_About this task:_ Produce the records below again, word for word, but stop after the line that contains "Vintage Barber / Frisör Affärskort Visitkort".

_Input for this task:_
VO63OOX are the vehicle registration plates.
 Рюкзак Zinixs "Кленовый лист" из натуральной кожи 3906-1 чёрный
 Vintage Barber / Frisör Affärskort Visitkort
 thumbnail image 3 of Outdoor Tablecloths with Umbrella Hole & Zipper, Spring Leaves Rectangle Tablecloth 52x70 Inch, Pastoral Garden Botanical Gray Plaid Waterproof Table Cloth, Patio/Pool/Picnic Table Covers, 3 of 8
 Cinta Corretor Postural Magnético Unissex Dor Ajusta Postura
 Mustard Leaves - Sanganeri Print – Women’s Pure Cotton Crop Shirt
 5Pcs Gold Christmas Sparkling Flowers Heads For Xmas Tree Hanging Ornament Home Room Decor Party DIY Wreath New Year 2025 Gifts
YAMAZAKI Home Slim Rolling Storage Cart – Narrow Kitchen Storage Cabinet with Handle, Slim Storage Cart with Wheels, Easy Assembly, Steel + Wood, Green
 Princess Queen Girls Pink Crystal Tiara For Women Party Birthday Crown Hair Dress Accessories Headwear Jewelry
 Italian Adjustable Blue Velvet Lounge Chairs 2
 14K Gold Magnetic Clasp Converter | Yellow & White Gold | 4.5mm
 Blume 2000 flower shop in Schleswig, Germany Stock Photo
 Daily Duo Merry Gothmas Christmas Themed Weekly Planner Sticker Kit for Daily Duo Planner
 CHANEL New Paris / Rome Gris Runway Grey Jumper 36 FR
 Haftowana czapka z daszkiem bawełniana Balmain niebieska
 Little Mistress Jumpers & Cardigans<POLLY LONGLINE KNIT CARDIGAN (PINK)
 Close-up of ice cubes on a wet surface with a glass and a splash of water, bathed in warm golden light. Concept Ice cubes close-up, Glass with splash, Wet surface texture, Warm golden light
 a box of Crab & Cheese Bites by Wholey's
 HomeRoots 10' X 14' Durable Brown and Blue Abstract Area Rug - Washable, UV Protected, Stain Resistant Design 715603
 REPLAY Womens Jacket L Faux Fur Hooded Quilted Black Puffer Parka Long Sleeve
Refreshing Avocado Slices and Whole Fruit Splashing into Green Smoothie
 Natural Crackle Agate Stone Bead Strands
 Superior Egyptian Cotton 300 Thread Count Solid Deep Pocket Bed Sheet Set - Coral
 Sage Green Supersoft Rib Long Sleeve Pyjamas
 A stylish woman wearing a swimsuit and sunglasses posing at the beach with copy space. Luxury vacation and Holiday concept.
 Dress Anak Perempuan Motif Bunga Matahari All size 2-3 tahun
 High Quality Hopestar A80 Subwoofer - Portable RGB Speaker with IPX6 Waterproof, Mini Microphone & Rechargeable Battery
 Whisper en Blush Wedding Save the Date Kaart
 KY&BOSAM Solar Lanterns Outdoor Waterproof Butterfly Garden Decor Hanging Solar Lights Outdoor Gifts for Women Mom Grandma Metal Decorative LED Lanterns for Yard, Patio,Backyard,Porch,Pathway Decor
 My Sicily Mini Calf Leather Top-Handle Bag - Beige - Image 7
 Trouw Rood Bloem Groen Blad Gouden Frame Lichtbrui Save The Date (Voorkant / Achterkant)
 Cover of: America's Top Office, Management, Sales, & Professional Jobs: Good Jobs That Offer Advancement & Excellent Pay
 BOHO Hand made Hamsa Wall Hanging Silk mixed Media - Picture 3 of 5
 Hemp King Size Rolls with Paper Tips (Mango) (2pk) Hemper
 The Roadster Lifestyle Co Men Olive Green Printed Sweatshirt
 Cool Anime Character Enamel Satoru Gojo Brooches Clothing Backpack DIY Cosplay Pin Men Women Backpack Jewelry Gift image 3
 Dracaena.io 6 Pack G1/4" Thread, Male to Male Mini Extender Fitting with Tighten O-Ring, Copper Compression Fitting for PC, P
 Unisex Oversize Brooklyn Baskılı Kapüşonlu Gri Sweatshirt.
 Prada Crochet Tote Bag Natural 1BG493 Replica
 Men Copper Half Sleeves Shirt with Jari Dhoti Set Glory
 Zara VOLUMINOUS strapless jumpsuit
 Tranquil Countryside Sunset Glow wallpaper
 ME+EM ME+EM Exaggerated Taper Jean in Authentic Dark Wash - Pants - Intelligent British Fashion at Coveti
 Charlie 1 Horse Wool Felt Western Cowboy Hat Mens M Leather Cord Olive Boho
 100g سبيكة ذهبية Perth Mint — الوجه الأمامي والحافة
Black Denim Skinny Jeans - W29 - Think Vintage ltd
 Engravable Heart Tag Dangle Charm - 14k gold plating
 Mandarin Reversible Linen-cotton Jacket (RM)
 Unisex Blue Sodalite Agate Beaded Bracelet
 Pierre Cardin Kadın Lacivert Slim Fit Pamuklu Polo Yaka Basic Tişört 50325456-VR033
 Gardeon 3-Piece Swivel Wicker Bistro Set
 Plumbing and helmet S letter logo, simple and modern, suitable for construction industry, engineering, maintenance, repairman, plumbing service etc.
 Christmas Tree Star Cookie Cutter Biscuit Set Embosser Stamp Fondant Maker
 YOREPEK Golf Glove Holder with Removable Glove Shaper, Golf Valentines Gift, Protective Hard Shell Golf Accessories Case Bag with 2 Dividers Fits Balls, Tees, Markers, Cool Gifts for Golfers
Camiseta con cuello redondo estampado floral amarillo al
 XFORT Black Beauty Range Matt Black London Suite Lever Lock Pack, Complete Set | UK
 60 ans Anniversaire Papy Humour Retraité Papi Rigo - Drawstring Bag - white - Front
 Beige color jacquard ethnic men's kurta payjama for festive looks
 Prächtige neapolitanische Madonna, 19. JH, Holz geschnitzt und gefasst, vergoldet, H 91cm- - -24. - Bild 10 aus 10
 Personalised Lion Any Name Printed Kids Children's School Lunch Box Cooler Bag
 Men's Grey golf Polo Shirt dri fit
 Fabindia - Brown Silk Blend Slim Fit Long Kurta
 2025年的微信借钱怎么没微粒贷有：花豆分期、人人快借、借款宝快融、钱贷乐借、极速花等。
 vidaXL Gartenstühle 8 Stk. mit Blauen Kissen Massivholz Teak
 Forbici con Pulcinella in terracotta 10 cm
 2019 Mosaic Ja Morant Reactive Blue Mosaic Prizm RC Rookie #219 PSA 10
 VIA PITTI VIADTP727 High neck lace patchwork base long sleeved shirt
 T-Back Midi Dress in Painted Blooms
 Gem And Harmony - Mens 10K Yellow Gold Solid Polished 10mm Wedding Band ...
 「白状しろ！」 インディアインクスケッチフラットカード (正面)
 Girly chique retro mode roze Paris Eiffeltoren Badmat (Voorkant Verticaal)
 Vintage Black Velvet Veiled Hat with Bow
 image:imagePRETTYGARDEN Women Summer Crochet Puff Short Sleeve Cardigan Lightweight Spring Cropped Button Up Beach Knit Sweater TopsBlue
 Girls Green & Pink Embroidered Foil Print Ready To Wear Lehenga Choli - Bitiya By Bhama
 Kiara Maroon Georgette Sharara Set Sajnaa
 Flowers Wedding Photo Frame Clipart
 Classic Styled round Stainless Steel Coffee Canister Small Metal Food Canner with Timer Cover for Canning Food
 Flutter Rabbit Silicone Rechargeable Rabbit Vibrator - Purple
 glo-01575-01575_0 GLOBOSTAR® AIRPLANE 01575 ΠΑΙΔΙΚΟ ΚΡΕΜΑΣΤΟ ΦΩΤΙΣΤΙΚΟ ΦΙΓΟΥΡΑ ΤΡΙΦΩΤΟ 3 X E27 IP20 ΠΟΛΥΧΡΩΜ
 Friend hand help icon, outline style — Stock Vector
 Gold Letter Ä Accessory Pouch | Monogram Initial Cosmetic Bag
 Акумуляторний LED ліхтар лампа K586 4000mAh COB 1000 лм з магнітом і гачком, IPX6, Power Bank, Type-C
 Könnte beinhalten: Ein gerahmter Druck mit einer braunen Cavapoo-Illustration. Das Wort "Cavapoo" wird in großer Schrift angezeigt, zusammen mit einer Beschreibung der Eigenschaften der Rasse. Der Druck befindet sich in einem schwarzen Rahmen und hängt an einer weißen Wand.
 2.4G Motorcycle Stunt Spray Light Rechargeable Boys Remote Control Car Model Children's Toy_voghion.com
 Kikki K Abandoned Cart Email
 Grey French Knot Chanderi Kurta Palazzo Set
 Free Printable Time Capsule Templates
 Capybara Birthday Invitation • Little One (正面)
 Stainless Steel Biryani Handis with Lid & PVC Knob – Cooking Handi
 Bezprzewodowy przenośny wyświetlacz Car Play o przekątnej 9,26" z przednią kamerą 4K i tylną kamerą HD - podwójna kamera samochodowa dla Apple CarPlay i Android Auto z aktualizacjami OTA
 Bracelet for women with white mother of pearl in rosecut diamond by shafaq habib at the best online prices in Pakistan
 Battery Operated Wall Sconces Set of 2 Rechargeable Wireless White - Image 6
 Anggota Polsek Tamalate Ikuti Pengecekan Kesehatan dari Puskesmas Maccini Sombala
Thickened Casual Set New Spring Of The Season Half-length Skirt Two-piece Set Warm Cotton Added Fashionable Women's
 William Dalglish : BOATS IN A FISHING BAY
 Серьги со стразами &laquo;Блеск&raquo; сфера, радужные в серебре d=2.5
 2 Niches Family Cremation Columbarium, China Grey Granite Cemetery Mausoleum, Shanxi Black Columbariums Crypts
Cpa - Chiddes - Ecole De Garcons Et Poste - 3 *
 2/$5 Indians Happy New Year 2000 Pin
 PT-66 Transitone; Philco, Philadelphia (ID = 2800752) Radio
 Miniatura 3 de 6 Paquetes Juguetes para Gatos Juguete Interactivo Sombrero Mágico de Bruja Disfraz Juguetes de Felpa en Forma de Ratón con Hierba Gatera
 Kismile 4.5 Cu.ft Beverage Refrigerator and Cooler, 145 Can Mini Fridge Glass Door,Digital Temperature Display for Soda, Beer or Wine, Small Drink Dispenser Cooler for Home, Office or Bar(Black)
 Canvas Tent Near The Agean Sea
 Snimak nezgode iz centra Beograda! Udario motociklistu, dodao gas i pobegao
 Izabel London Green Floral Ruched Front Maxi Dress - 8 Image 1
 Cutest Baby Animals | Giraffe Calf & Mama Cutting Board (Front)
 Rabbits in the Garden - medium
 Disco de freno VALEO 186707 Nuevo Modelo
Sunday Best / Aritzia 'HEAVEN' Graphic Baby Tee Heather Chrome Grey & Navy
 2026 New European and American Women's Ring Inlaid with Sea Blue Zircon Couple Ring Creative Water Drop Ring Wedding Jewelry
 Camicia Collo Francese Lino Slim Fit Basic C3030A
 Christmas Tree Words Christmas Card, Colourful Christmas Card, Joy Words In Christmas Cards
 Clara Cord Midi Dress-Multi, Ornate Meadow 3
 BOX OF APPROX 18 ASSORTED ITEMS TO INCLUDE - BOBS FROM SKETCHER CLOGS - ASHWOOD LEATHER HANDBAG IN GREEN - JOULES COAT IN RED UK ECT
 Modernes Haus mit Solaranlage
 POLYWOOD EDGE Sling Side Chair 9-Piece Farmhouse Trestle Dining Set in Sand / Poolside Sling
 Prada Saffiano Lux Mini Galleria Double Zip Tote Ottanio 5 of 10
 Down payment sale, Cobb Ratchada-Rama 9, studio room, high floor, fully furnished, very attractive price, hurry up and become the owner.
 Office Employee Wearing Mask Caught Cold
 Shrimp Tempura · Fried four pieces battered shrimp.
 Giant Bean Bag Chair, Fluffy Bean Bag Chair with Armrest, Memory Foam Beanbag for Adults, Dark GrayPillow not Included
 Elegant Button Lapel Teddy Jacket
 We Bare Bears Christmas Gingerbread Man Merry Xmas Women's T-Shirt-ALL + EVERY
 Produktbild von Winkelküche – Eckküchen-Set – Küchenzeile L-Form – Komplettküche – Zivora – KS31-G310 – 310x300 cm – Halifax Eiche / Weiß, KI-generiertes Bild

_Written reply:_
VO63OOX are the vehicle registration plates.
 Рюкзак Zinixs "Кленовый лист" из натуральной кожи 3906-1 чёрный
 Vintage Barber / Frisör Affärskort Visitkort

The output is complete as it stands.